When the Ashes Burn (2000), is as readable and entertaining as any of Lovesey’s novels. It pits the odd George Picket, famous at the local constabulary as nothing but a complainer, against a police force bored by his regular outbursts. Picket is Chairman of the Chelmsford Allotment Society and is deeply concerned with the police, who are refusing to do anything about a gang of youths terrorising the allotments. When Picket’s shed goes up in flames he takes his story to Jack Latimer, a freelance journalist. At first, Latimer thinks there is very little in the story. However, as he investigates, he realises that not only does Picket have an unusual past, but that he may also be far from the ageing curmudgeon he seems. Latimer is one of Lovesey’s best characters. Cynical, emotionally uptight, unsure of whether he still feels so convinced by his choice of career and worried about his son with whom he is incapable of having a conversation, Latimer is the focal point of the novel. Again When the Ashes Burn examines varieties of abuse, the inescapability of the past, and the way that a psychology can be bent out of all recognition by cruelty and a failure of love.
Lovesey’s fourth novel is undoubtedly his most accomplished. The Screaming Tree (2002) is, like Ploughing Potter’s Field, narrated in the first person. William Dickson was a seven-year-old boy when he witnessed a horrible crime in the woods near his home. Now a nineteen-year-old student at Manchester Polytechnic he is disturbed by the knowledge that he is responsible for the death of four people, two of which events were premeditated. But just what does William know? What is fantasy? Is his memory throwing up false images and protecting him from that moment in the woods twelve years ago? Complex, absorbing and full of unexpected twists, Lovesey has created a thriller which also reads as a portrait of a tormented mind. It does begin to lose its way a little in the final third, when it becomes clear just what is happening and what might have gone on in the woods. But, Lovesey does leave one trick up his sleeve to ensure that the final few pages of the novel spring a surprise.

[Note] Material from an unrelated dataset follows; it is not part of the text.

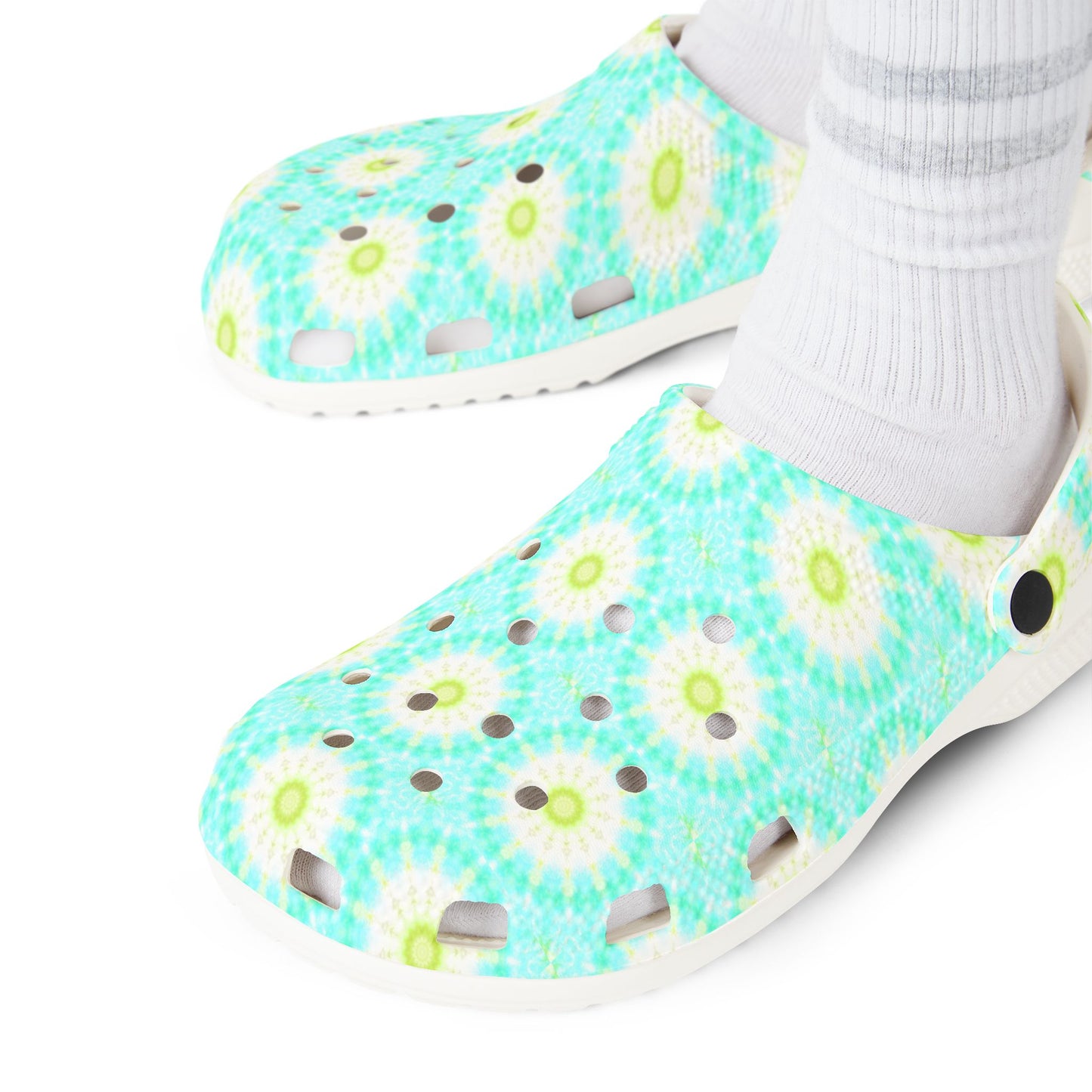 Aqua Daisy EVA Foam Clogs — Lightweight Floral Garden Shoes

Lovesey’s work is plot driven. He writes the definition of page-turning fiction, and all of the pleasure to be gained though reading him comes from the mechanics of the storytelling. He is a very skilled plotter, knowing just how to structure his stories so that you read on; desperate for the clue which will help you understand it all. His one great weakness, however, is his style. There are innumerable reputations, characters are forever seeing things in their mind’s eye, for instance, and it does become wearisome that everyone has to react to bad news by vomiting. But, for anyone coming to this writer with the desire to read an engrossing tale, crafted by someone with a natural feeling for the way a story should be told, they will find much to like here.